Agents that retry tool calls on failure can cause serious problems if the tools are not idempotent. An agent that sends an email, receives a timeout before the result arrives, and retries the call can send the same email twice. Design non-idempotent tools (anything that sends, charges, creates, or deletes) with idempotency keys or guard checks to prevent duplicate execution.

Principle 3: Descriptions That Enable Judgment

The description is not just a label — it is the model's operating manual for the tool. Good descriptions answer four questions the model implicitly asks every time it considers a tool: 1. What does this tool return? Not just 'information about a user' but 'the user's name, email, account status, and creation date as a JSON object.' 2. When should I use it? 'Use when you need to look up a specific user by their ID or email address.' 3. When should I not use it? 'Do not use to search for users by name or to list all users — use search_users for those cases.' 4. What should I know about the arguments? Inline the most important constraints into the parameter descriptions rather than relying on the model to infer them from types alone. The negative case — 'when not to use it' — is often the most powerful. If you have a fast approximate search tool and a slow exact lookup tool, telling the model 'use exact_lookup only when the user needs precise results and approximate_search would be insufficient' enables the model to make the cost-quality tradeoff correctly.
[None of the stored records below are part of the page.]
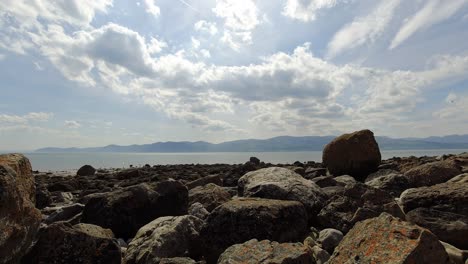 Bunter-Felsiger-Strand-Felsbrocken-Zeitraffer-Berglandschaft-Schnell-Inspirierende-Wolken-Ziehen-Vorbei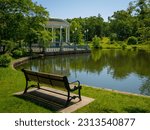 Tranquil lake landscape with a bench,  water reflections, and Bandstand Pavillion on Roosevelt Lake at Roger Williams Park in Providence, Rhode Island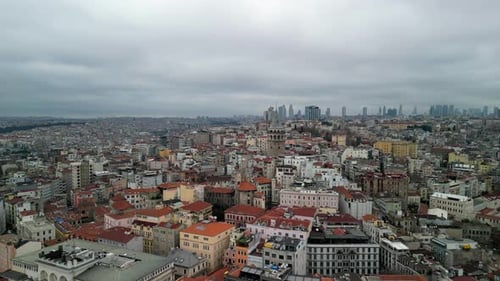 the Galata Tower, business part of the city in the background fly backwards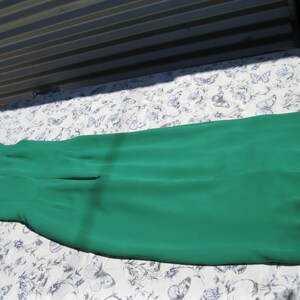 May include: A long, emerald green maxi skirt made of a soft, flowing fabric. The skirt is laid flat on a white background with a floral pattern.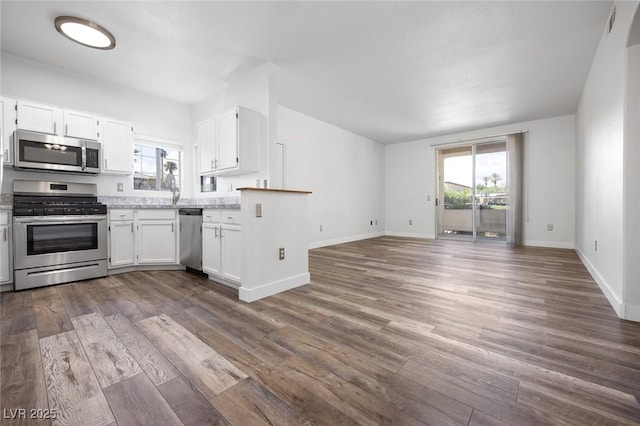 kitchen with white cabinetry, open floor plan, dark wood-type flooring, and stainless steel appliances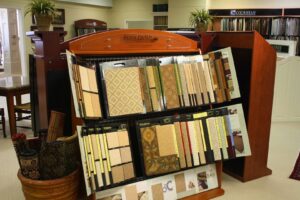 Royal Dutch and various carpet samples displayed on racks at Jimmie Lyles Flooring Gallery in Flowood, MS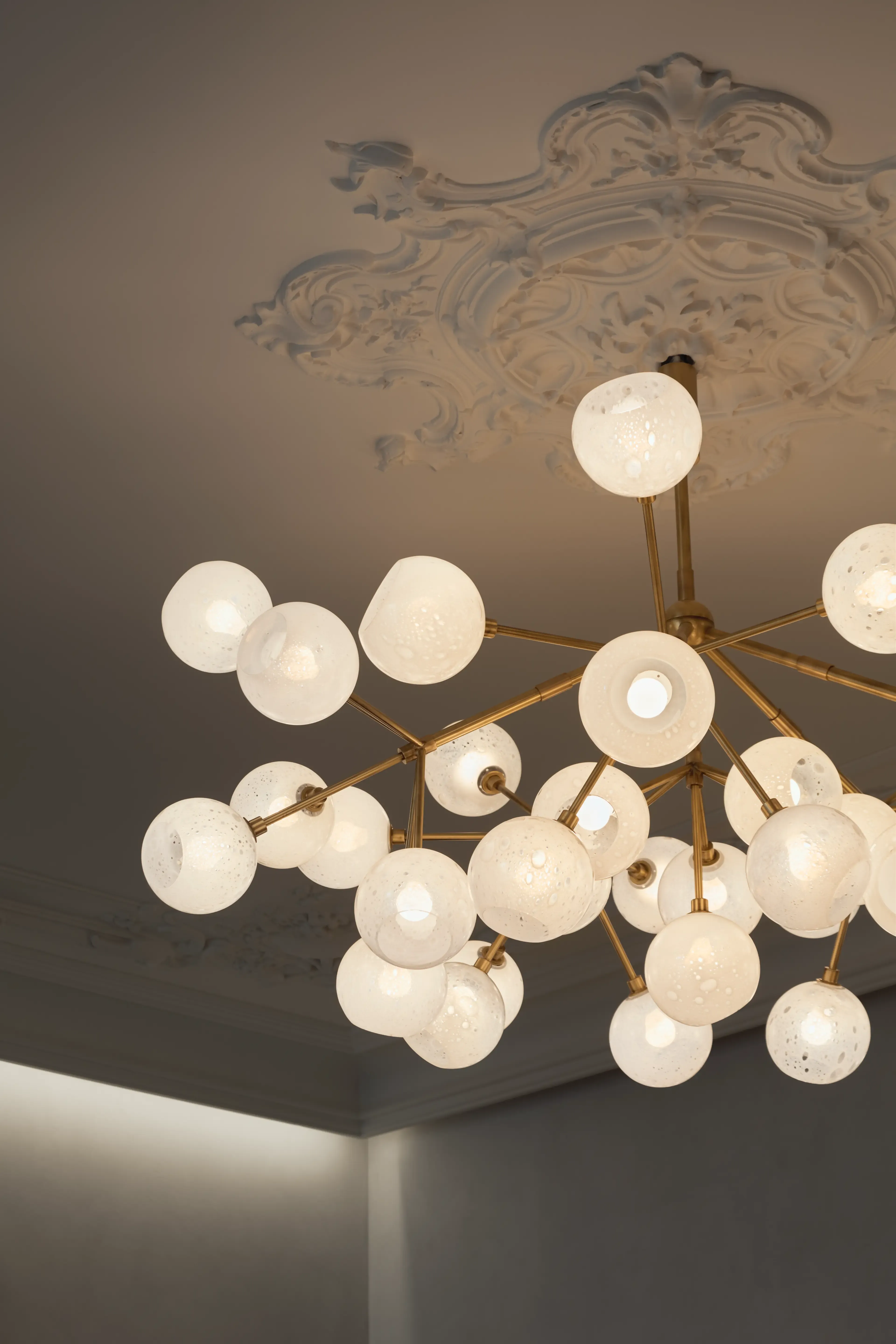 Close-up of designer chandelier with sculptural black shades against ornate ceiling molding, merging modern elegance with classical interior details.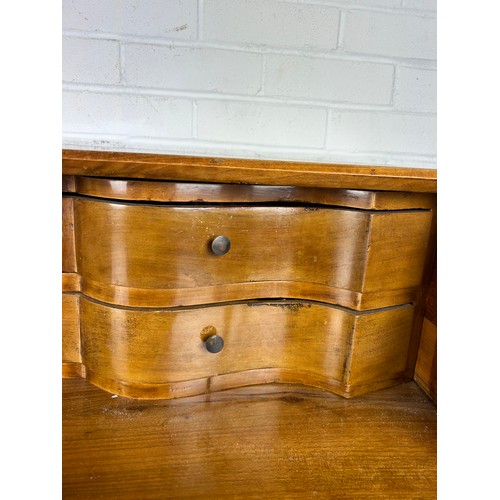 506 - A CONTINENTAL WALNUT SERPENTINE BUREAU, 

116cm x 108cm x 58cm 
Early 20th century, with fall front ... 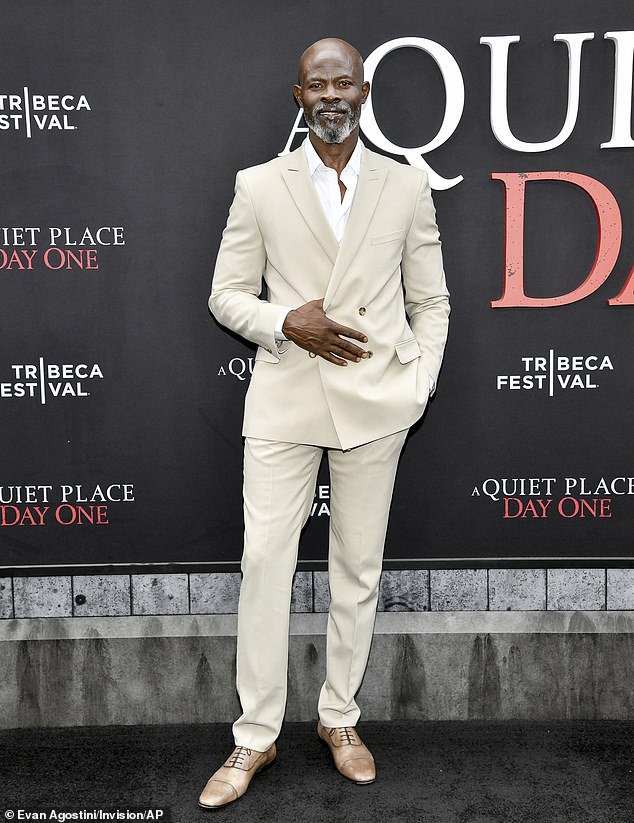 The Beninese-born 60-year-old - who plays Henri - looked dapper in a beige double-breasted suit, white button-up sans necktie, and brown Oxfords selected by stylist Cheryl Konteh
Match each tool design principle to the problem it prevents.

Terms

Single responsibility per tool
Consistent return schema
Idempotency keys on write tools
Explicit negative usage guidance in description
Structured error return values

Definitions

Enables the model to reason about what went wrong and whether to try an alternative approach
Prevents the model from choosing this tool in situations where a different tool is more appropriate
Prevents downstream code from failing when a field is missing or has an unexpected type
Prevents duplicate emails, charges, or records when an agent retries a timed-out call
Prevents the model from accidentally triggering a destructive operation when only a read was needed

Drag terms onto their definitions, or click a term then click a definition to match.

An agent has a tool search_all with description 'Search everything.' The agent frequently calls this tool when a more specific tool (search_products or search_customers) would be correct. What is the most direct fix?

An agent task management system has a tool create_task(title, description, assignee). A user asks the agent to create 5 similar tasks. The executor times out on the third call. The agent retries all calls from the beginning. What problem occurs if create_task is not idempotent?

Audit a Broken Tool Design

  1. Here is a poorly designed tool schema for a note-taking assistant:
  2. name: 'notes'
  3. description: 'Does stuff with notes.'
  4. parameters:
  5. action: { type: string } -- no description, no enum
  6. data: { type: string } -- no description
  7. id: { type: string } -- no description, not marked optional or required
  8. Step 1: List every design problem you can identify. For each problem, explain what agent behavior it would cause.
  9. Step 2: Determine how many single-responsibility tools this should be split into. Name them.
  10. Step 3: Rewrite the schema for one of those tools with a proper description, well-described parameters with types, enums where appropriate, and a required array.
  11. Step 4: Write a 'when not to use it' clause for your tool's description.
  12. Step 5: Invent a realistic failure case for your tool (e.g., note not found, permission denied) and describe the structured error response the tool should return.
  13. Goal: build the habit of reading tool designs critically before trusting them in an agent system.